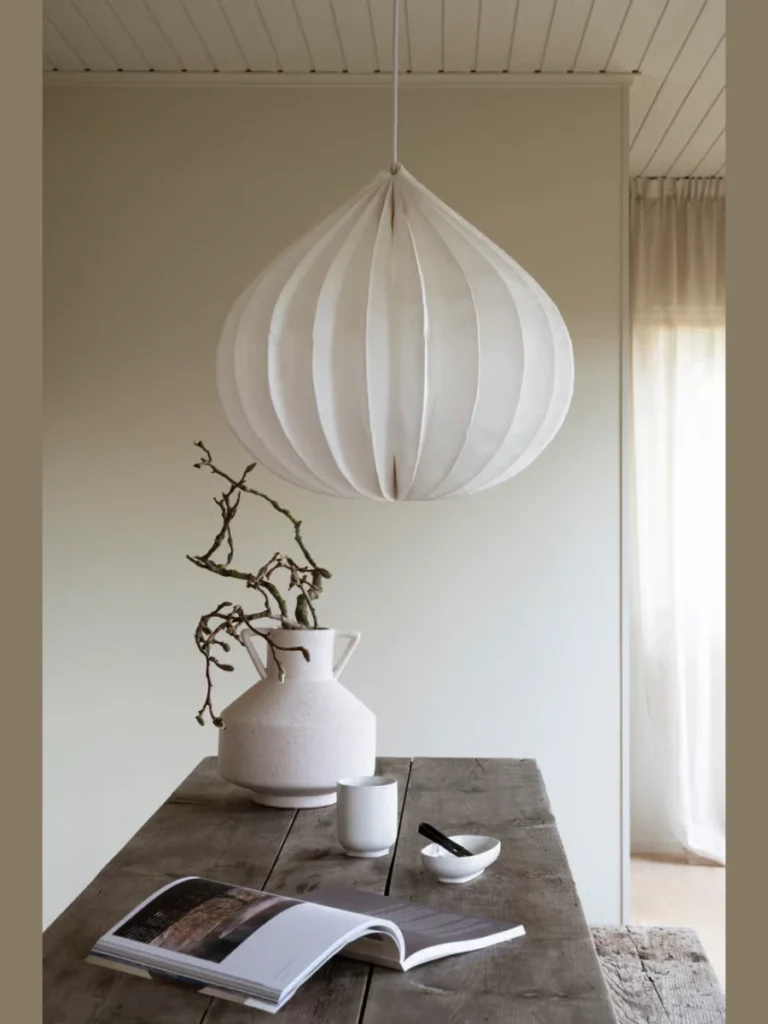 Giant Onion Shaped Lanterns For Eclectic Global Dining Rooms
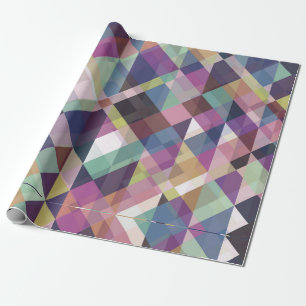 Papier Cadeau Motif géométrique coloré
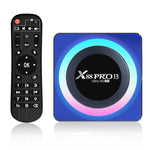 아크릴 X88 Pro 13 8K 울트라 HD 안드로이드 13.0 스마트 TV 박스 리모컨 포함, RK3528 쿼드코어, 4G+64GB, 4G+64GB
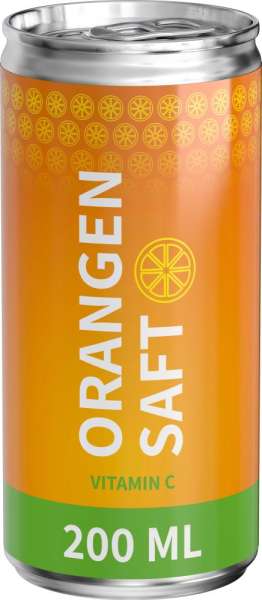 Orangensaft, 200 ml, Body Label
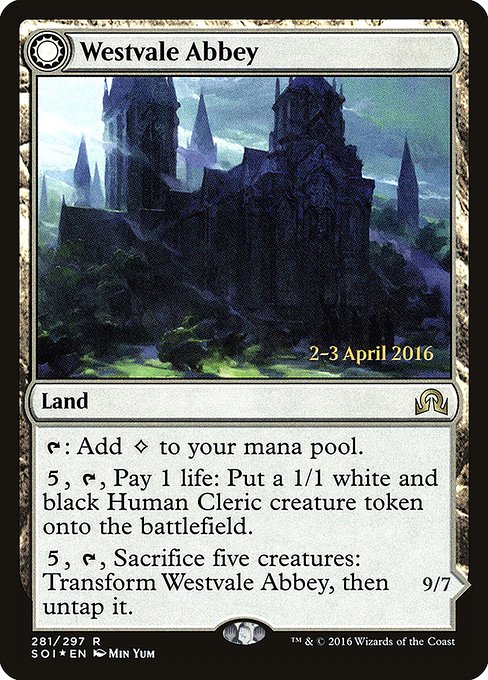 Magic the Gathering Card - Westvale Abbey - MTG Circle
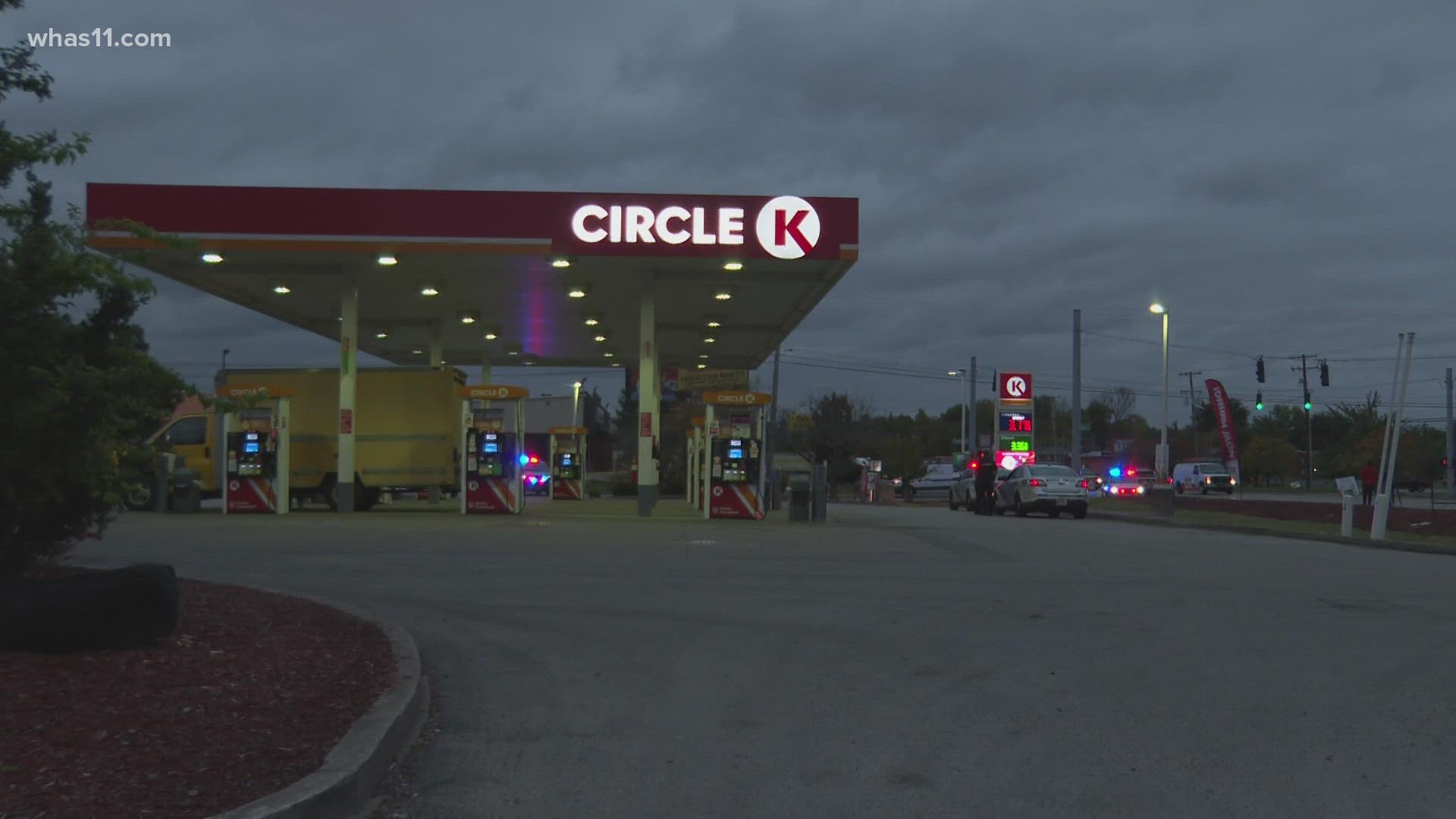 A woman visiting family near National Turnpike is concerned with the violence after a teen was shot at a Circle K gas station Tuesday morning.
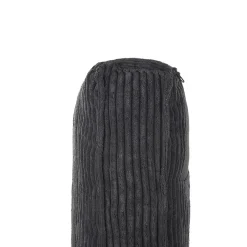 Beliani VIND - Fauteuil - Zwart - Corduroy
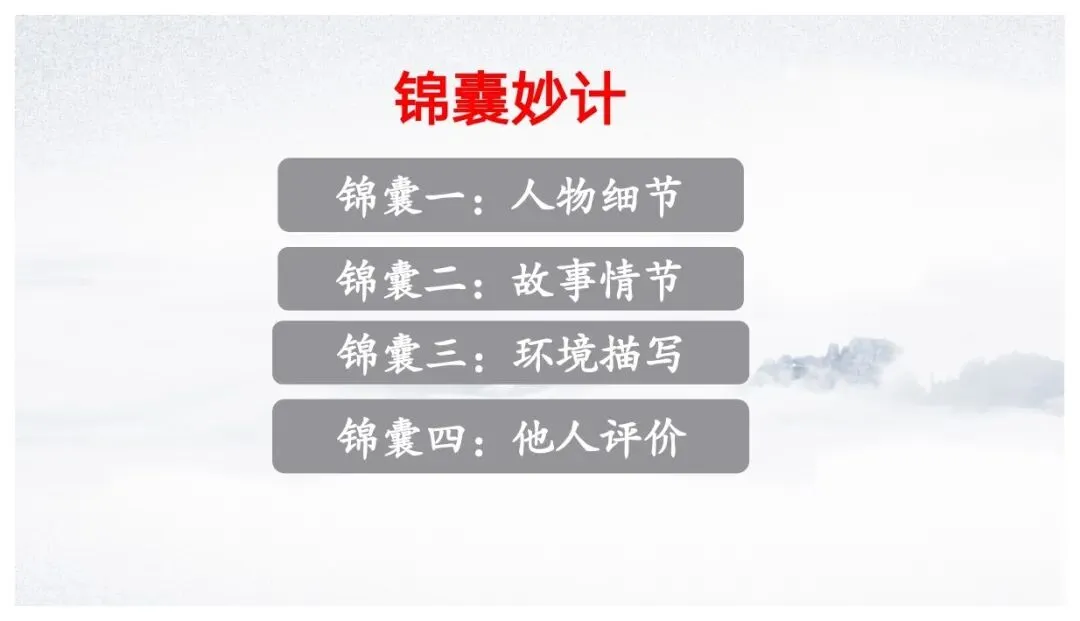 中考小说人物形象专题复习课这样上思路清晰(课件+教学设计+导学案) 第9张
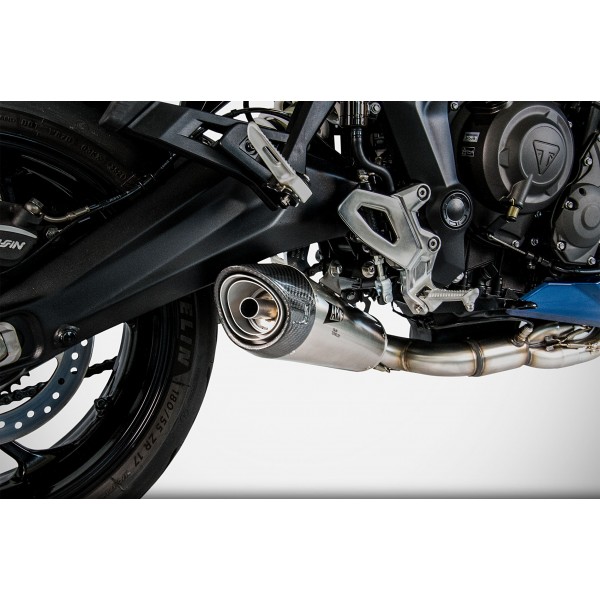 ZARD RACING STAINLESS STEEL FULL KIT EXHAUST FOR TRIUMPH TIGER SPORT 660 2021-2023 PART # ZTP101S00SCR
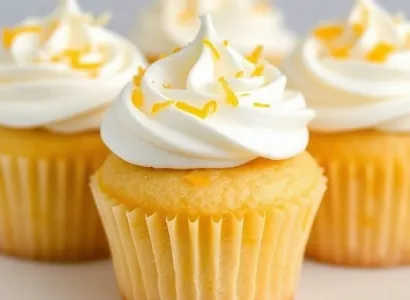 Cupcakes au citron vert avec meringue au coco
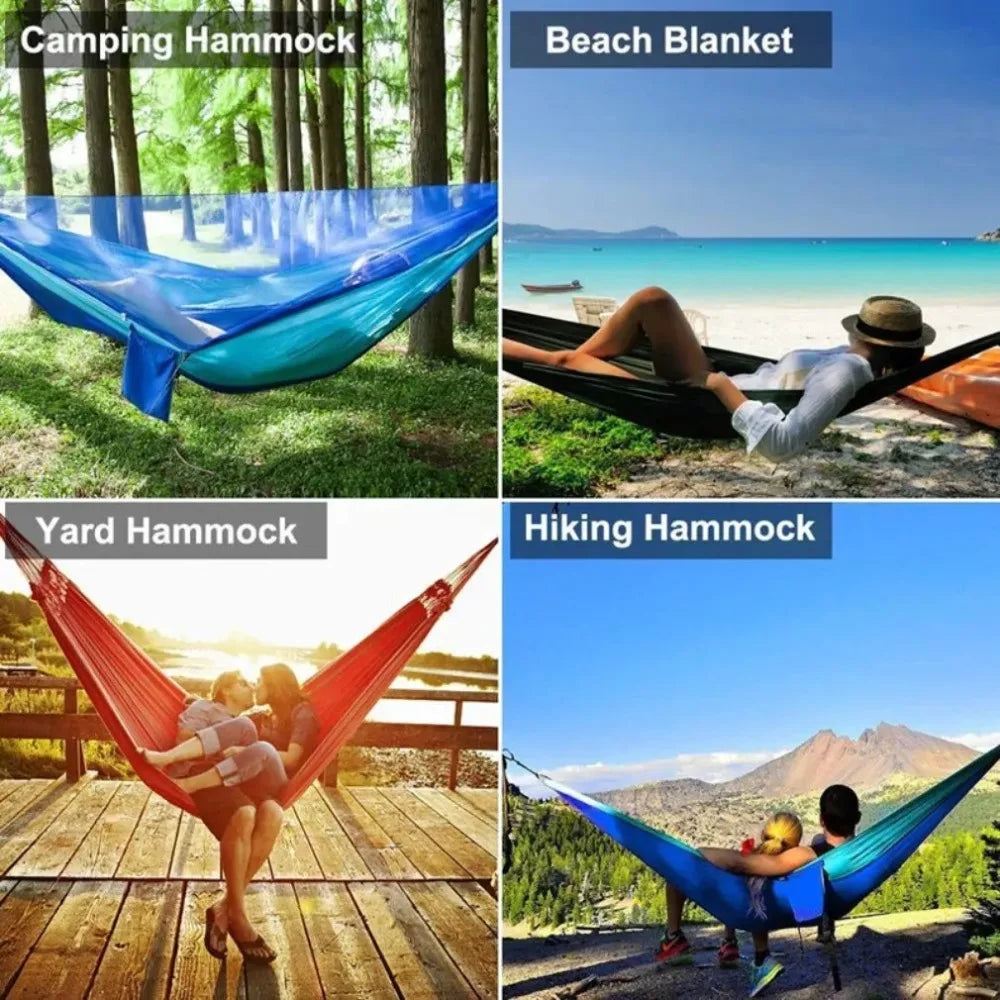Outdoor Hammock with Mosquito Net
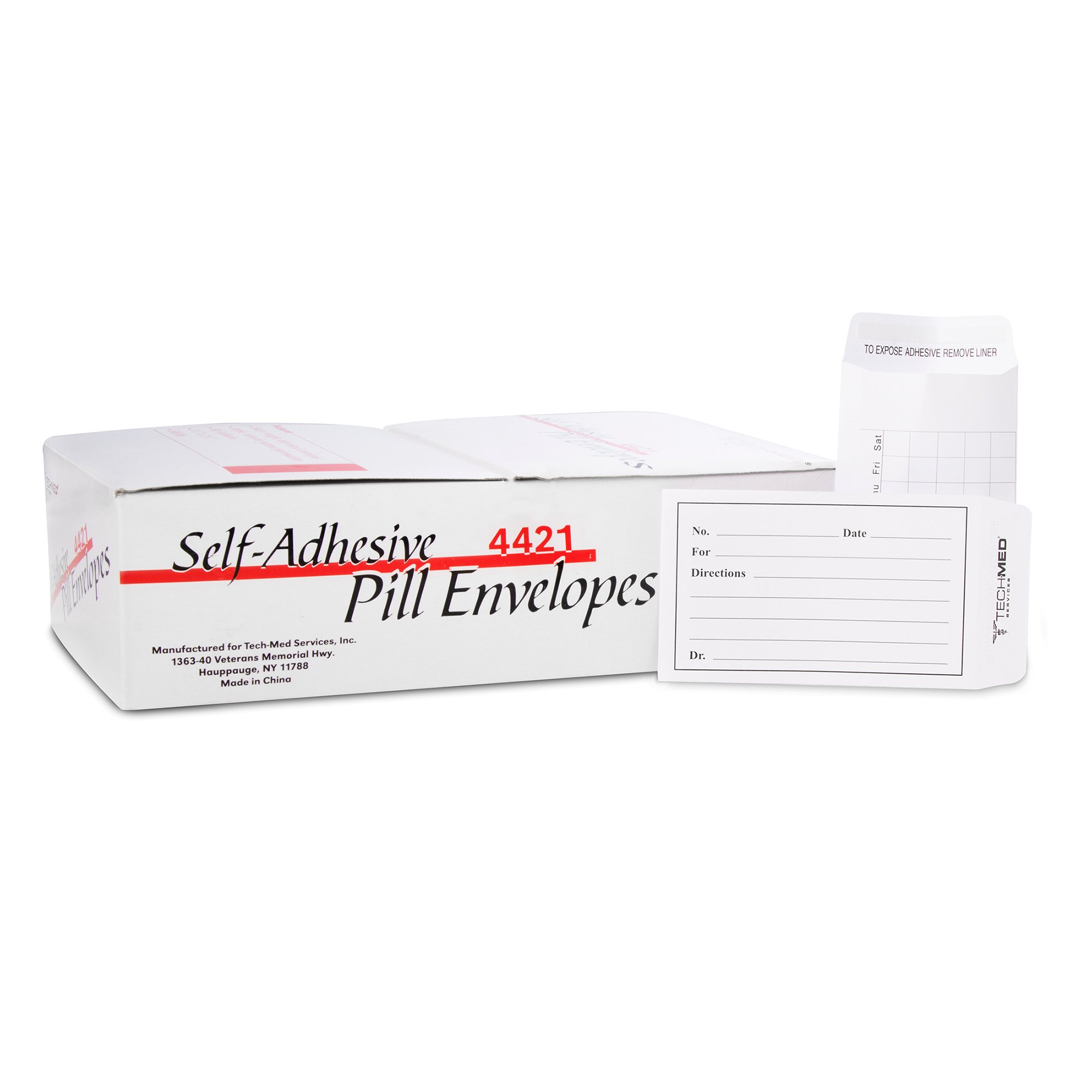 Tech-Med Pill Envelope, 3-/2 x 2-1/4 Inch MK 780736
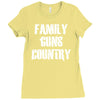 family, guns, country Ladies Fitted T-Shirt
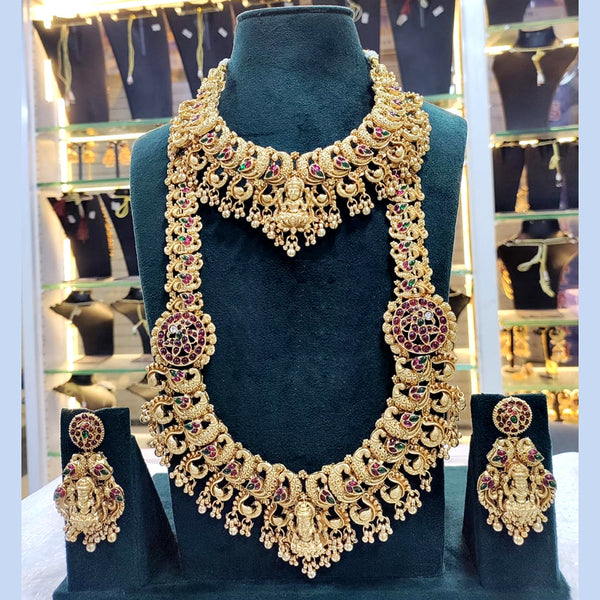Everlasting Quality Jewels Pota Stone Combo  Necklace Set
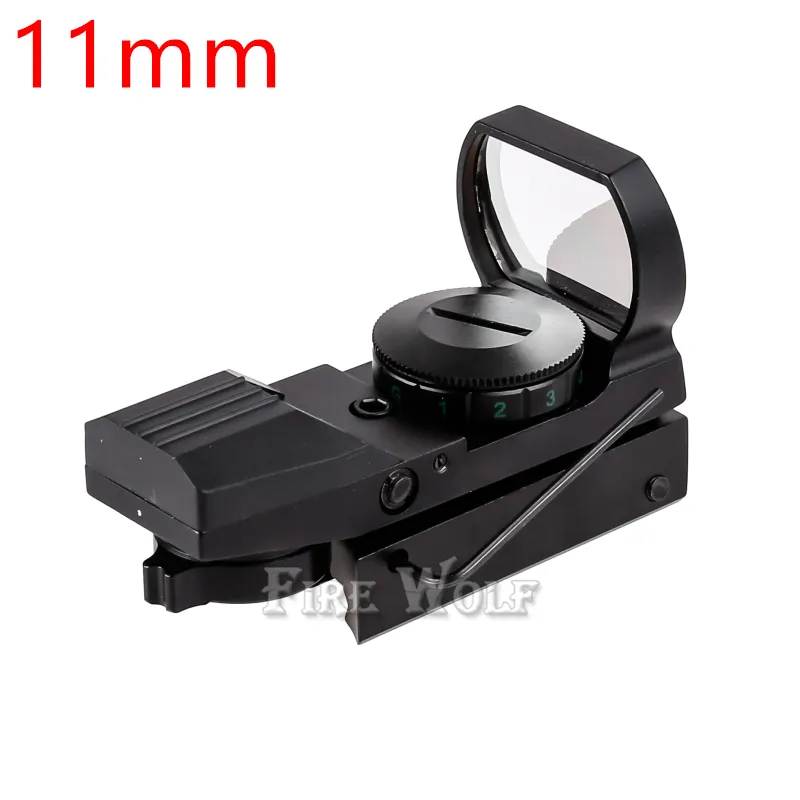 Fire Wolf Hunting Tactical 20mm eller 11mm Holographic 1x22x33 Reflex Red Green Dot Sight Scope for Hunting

Action item
Starting at the line that contains "Tech-Med Pill Envelope, 3-/2", please write out each line through the last line of the data, both ends included, and keep pictures out of the copy.

Solution below
 Tech-Med Pill Envelope, 3-/2 x 2-1/4 Inch MK 780736
 family, guns, country Ladies Fitted T-Shirt
Everlasting Quality Jewels Pota Stone Combo  Necklace Set
 Fire Wolf Hunting Tactical 20mm eller 11mm Holographic 1x22x33 Reflex Red Green Dot Sight Scope for Hunting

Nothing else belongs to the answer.